Usted quizá ya lo sepa, pero para aquellos que siguen pensando que por beber agua a todas horas van a conseguir un cuerpo perfecto, va dirigido este mensaje: el agua no adelgaza. Tampoco engorda, aunque la beba durante las comidas, porque tiene cero calorías.
Necesitamos el agua para vivir, pero con tres litros al día es suficiente. La mitad, un litro y medio, la ingerimos bebiendo, mientras que el resto la obtenemos gracias a los alimentos. Por ejemplo, una pieza de fruta o verdura puede contener hasta un 90 por ciento de agua y un filete de ternera, un 60 por ciento.
La única manera de bajar de peso es gastar más calorías de las que ingerimos y eso solo se consigue reduciendo la ingesta calórica y/o aumentando la actividad física. “Lo que si es cierto es que en las dietas de adelgazamiento al reducir la ingesta de alimentos, reducimos la ingesta de agua, por lo que hay que beber más para compensar”, explica a ABC la doctora Maria Garaulet, catedrática de Fisiología y Nutrición de la Universidad de Murcia y profesora visitante en la Universidad de Harvard, Estados Unidos.

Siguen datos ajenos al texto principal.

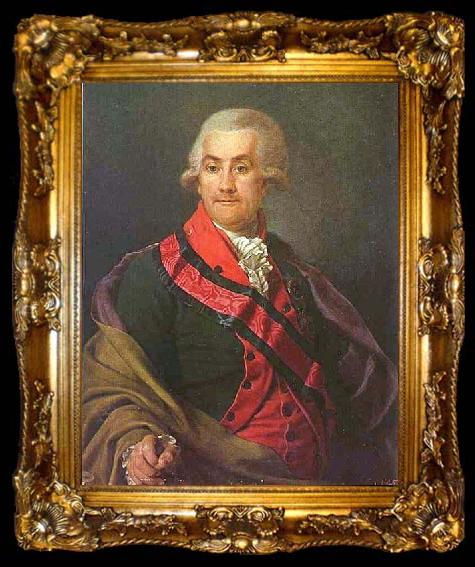 framed  Dmitry Levitzky Portrait of General Iosif Igelstrom, ta009-2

Otro de los mitos que circulan es que si se bebe el agua durante la comida, engorda. Como ya hemos dicho, esto es imposible porque no tiene calorías, pero hay una explicación para esta creencia. “Si no bebes agua mientras comes, el organismo hará la digestión tomando agua corporal pero las dietas no pueden basarse en esta pérdida de agua. En cuanto bebes se recupera. Es un truco fisiológico nada sano”, advierte la doctora Garaulet.

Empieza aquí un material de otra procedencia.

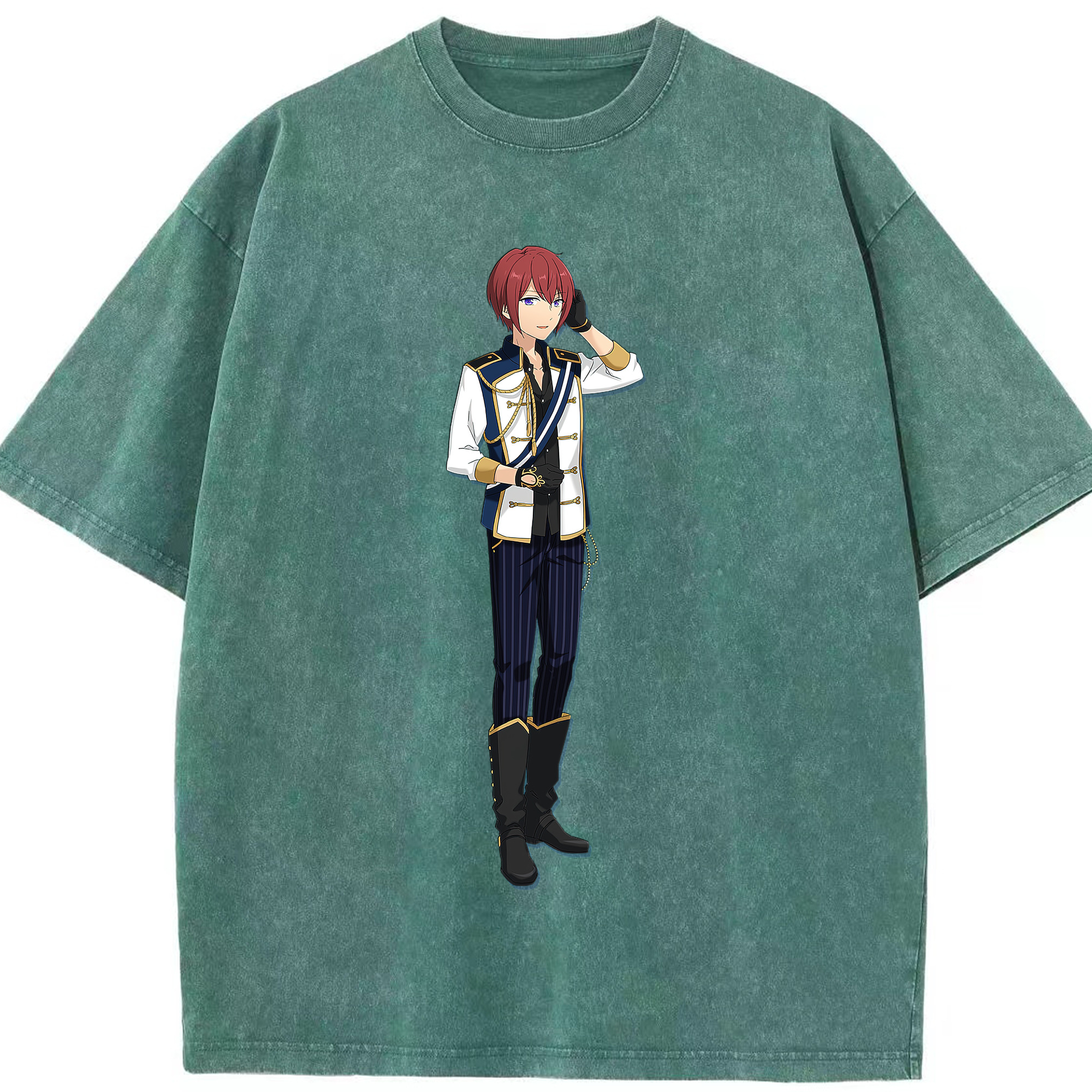 （画像用） あんさんぶるスターズ! Ensemble Stars 綿100% ヴィンテージ風 半袖Tシャツ（フロントプリント）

Otra explicación de esta mentira es que cuando se toma el agua separada de las comidas “se retrasa el vaciamiento del estómago y puede favorecer la sensación de saciedad, pero no está comprobado que contribuya a la pérdida de peso”, añade la doctora Irene Bretón, endocrinóloga en el Hospital Gregorio Marañon y miembro de la junta directiva de la Sociedad Española de Endocrinología y Nutrición.